Twigg affirmed his share-price target at $82. The target indicates 38% potential upside from the Santa Clara, Calif., company's closing price on Friday.
"We view Intel as the best-positioned company to take advantage of the next wave of compute, beyond PCs, phones and tablets,” Twigg wrote in a commentary cited by StreetInsider.com.
“The company is aggressively tackling new markets; quickly launching products on 10 [nanometers]; and unifying chips, software, and developers."
Intel is “staging its comeback,” after struggles in recent years, Twigg said, according to Bloomberg. “A change in investor perspective is due.”
He said the company is “focused on maximizing its opportunities beyond the PC.”

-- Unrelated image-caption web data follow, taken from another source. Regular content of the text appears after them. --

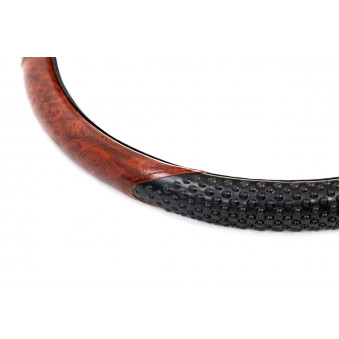 Руль деревянный с черным SWC-11-M (37-39см) Amio, 01369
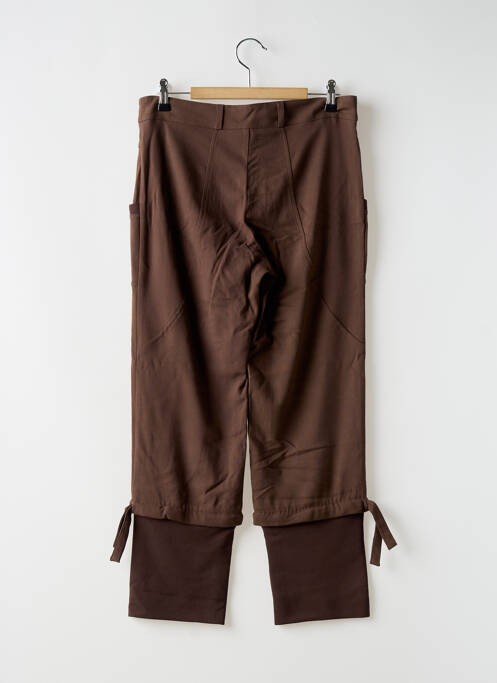 Pantalon trei sferturi maro MYRINE & ME femeie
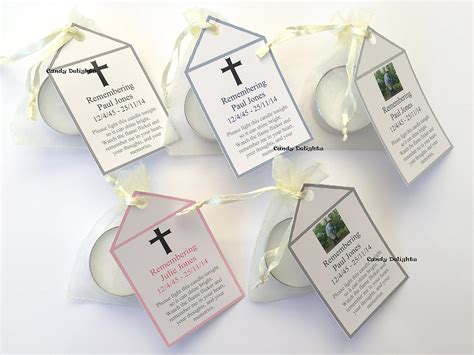 Memorials & Funerals unfilled 100 Funeral Seed Favours In Loving Memory Of Memorial Favours ...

In April, Intel reported first-quarter adjusted earnings of $1.45 a share, a 63% increase from a year earlier, on revenue of $19.8 billion, a 23% increase.
Analysts were expecting the company to report earnings of $1.28 a share on revenue of $18.7 billion.
For the second quarter, though, the company said it expected revenue of $18.5 billion and earnings of $1.10 a share. Analysts were expecting revenue of $17.97 billion and earnings of $1.19.
Morningstar analyst Abhinav Davuluri wrote a bullish report after that news. “We look forward to a bevy of 10-nanometer product ramps throughout 2020,” he said.
Intel shares recently traded at $59.16, down 0.3%. The stock has gained 9% over the past three months, compared with an 11% climb for the S&P 500.